* **SUPPLIED RECORDS**:

┌──

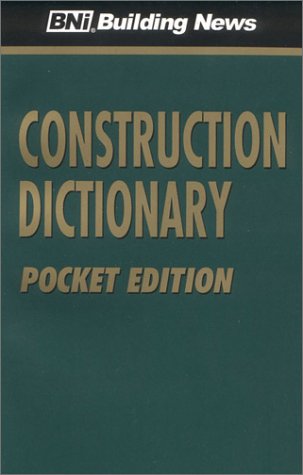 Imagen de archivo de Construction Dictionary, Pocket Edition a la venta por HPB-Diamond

└──
┌──

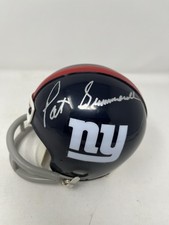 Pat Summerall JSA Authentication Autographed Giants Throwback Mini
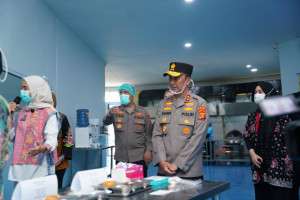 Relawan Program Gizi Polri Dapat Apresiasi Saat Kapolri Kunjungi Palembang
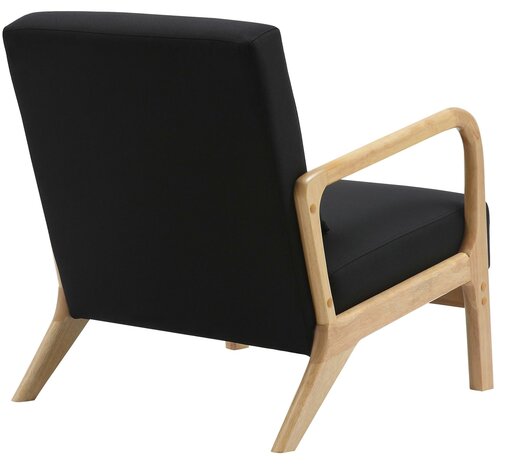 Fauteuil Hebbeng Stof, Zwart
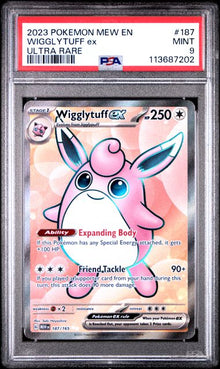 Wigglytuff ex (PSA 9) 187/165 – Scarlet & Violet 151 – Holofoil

└──

An exact copy is needed of the stretch above that opens with the line containing "Fauteuil Hebbeng Stof, Zwart" and closes with the line containing "Wigglytuff ex (PSA"; the pictures are not part of it.

* **REPLY**:
 Fauteuil Hebbeng Stof, Zwart
 Wigglytuff ex (PSA 9) 187/165 – Scarlet & Violet 151 – Holofoil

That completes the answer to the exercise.